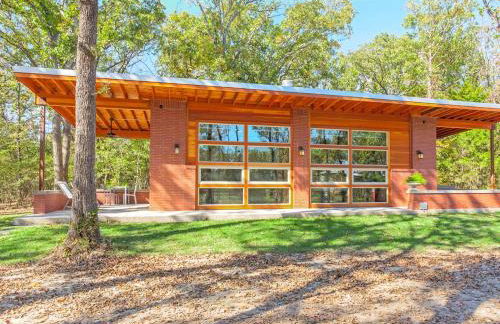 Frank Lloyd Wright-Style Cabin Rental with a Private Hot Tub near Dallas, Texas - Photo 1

━━━━━━━━━━━━━━━━━━━━

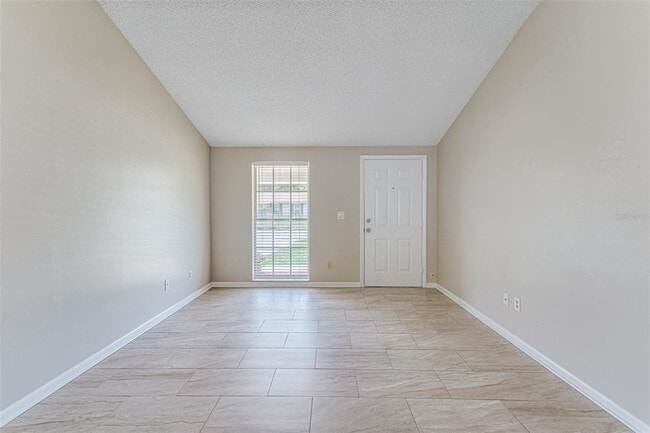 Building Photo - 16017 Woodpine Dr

━━━━━━━━━━━━━━━━━━━━

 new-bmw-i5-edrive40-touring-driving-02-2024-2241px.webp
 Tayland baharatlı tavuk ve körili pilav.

━━━━━━━━━━━━━━━━━━━━

**Work order:** Exact duplication is required for the lines above, from the line that contains "new-bmw-i5-edrive40-touring-driving-02-2024-2241px.webp" to the line that contains "Tayland baharatlı tavuk ve körili pilav.", inclusive; omit all others.

**Solved exercise:**
 new-bmw-i5-edrive40-touring-driving-02-2024-2241px.webp
 Tayland baharatlı tavuk ve körili pilav.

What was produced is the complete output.